Biden has tried, in his doddering way, to resurrect the world of his past. “My report is this,” he told the nation last week, “the State of the Union is strong—because you, the American people, are strong.” Maybe. And then: “We are stronger today than we were a year ago.” Did anyone believe this? And then: “We will be stronger a year from now than we are today.” It sounded like a dream.
When the Iron Curtain came down, my classmates and I peered at the new world through an American lens. We couldn’t conceive of any other. In the new era, there will be an American lens. But also—and maybe more so—there will be a Russian one and a Chinese one, and German and Brazilian and Turkish lenses, too.

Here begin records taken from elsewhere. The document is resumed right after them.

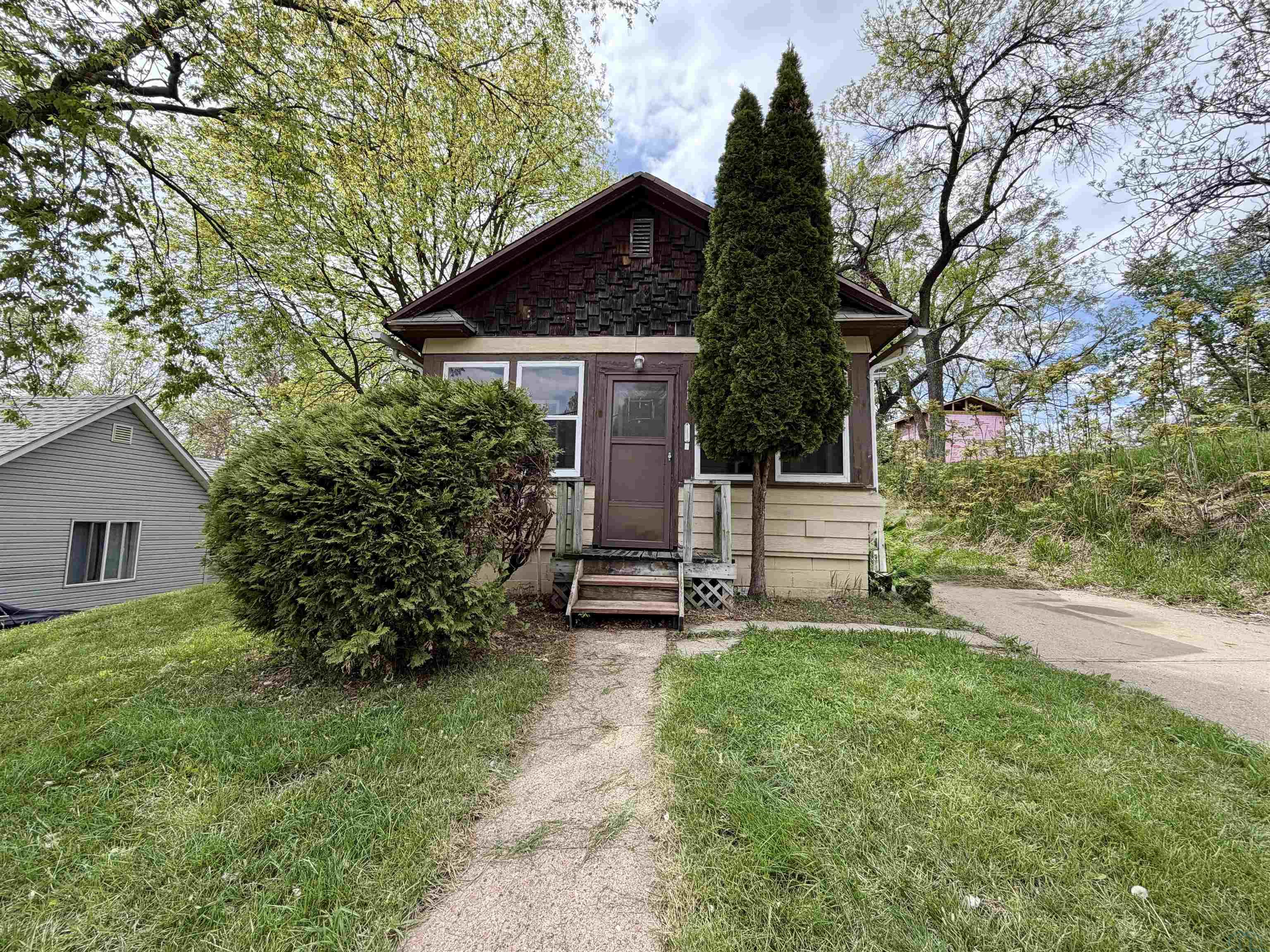 Photo 1 of 14 — 115 Paxton St., Sioux City, IA 51106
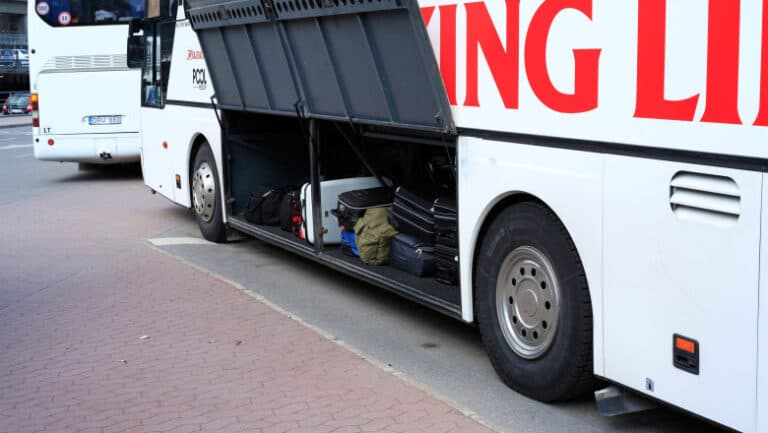O mamă din Noua Zeelandă și-a camuflat fetița de 2 ani într-o valiză, ascunzând-o în compartimentul pentru bagaje al unui autobuz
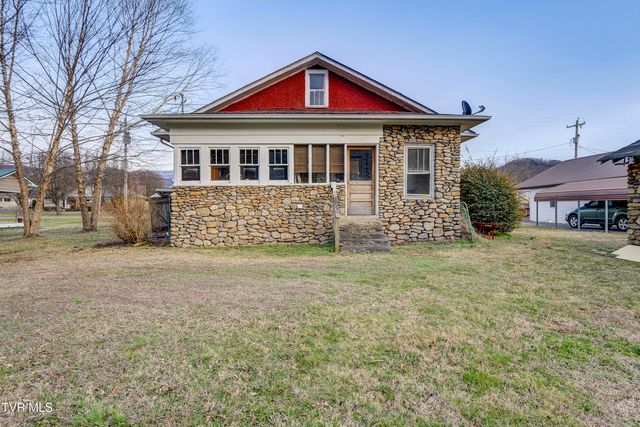 1027 North Elm Avenue, Erwin, TN 37650
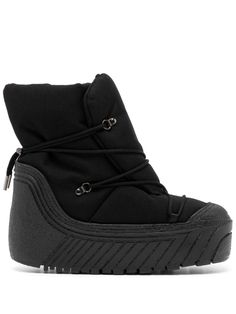 black padded design round toe front lace-up fastening drawstring fastening jersey lining platform sole Snow Boots Black, Heliot Emil, Pad Design, Boots Black, Snow Boots, Lace Front, Black Boots, Dream Closet, Men's Shoes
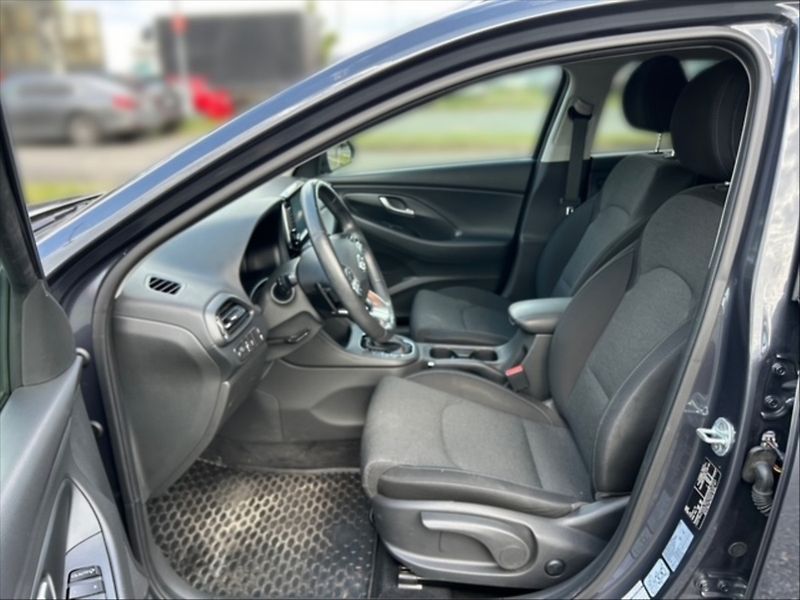 Hyundai i30 1,0 TGDI FamilySmart AT - fotka 7 z 11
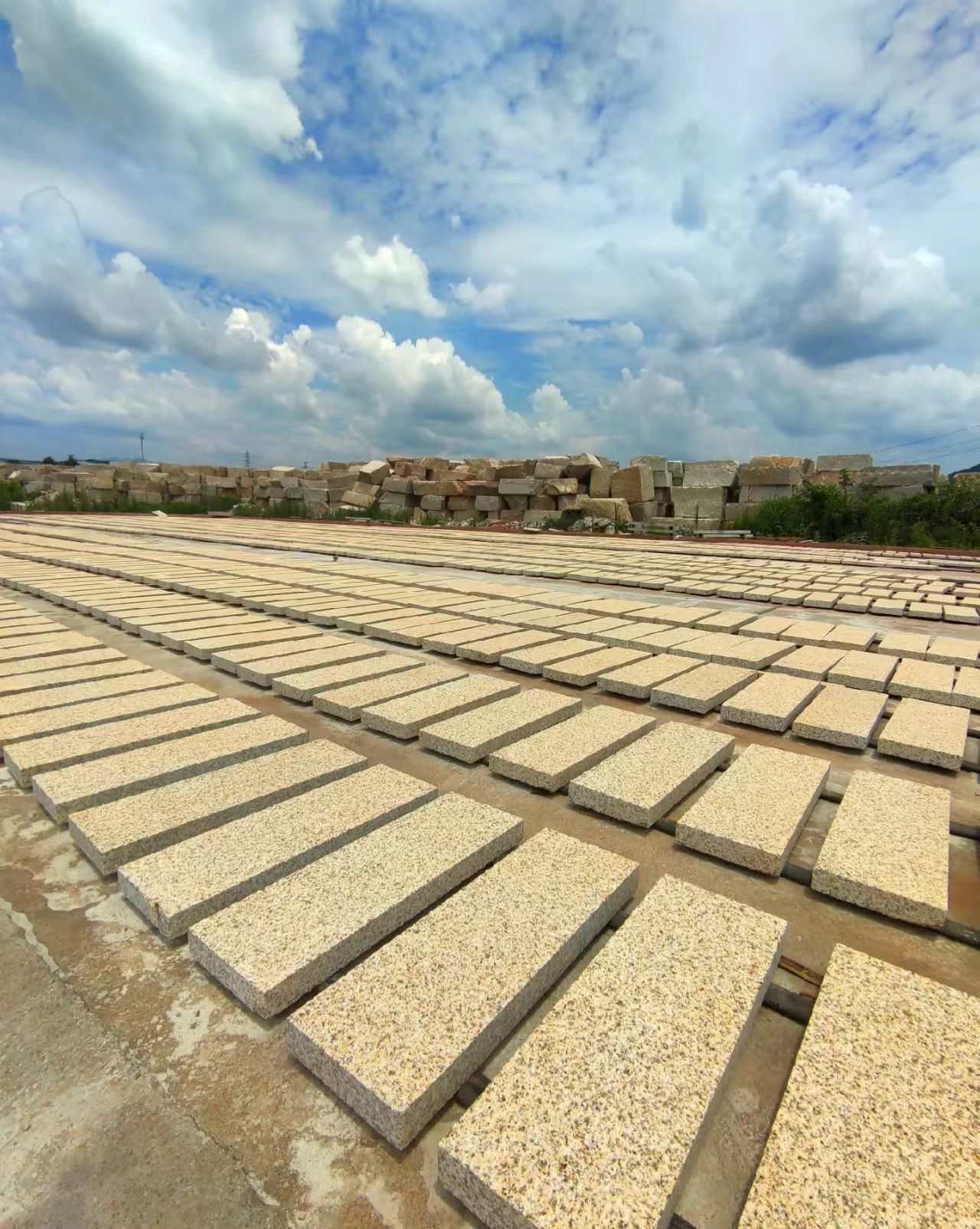 柳州 黄金麻花岗岩荔枝面地铺石防护中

There will be alliances—that between China and Russia and Iran is already clear—but there will be no Big Idea to replace the one that ended the Cold War, no overarching set of rules or understandings or pacts or international conferences that will bind us together and ensure that we do not succumb to the violence and nihilism that came before the Pax Americana. The order America built after World War II—which, despite its many imperfections, brought more security and safety and prosperity to humankind than ever before in history—is melting back into the world that preceded it.

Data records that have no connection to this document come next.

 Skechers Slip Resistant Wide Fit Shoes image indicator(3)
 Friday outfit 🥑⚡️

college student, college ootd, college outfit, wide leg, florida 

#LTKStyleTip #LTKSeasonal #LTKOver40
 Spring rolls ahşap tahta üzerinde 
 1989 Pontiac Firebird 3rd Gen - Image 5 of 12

We can blame this on Putin or Xi Jinping or the North Koreans or this or that bad actor, but they are simply acting the way they have always acted. The problem is us. What has changed is not the barbarians of the world, but that we gave up on the justice of our cause.
It’s true that the so-called neoliberals, those who spent their formative years, two or three or four decades ago, in seminar rooms at New England colleges, got many things wrong. They were arrogant; they had their blind spots; and now everyone on the left and the right hates them. It’s easy to. What we forget is that they got one thing very, very right, which is that there are things that are far worse than American hegemony. The new right, the identitarian left—they never say what comes after the old order, because they can’t think that far ahead, or they don’t care to. They’re just happy to watch it all burn.
Vladimir Putin knows how much daylight there is between hard geopolitical reality and American rhetoric. But we prefer to hew to the old platitudes. They make us think that we can rewind or undo or make things better if we just say the right things. It is time to imagine what our president seems incapable of: a new order, jungle-like, shot through with the fevers and hatreds of the world as it had always been before. Uncivilization.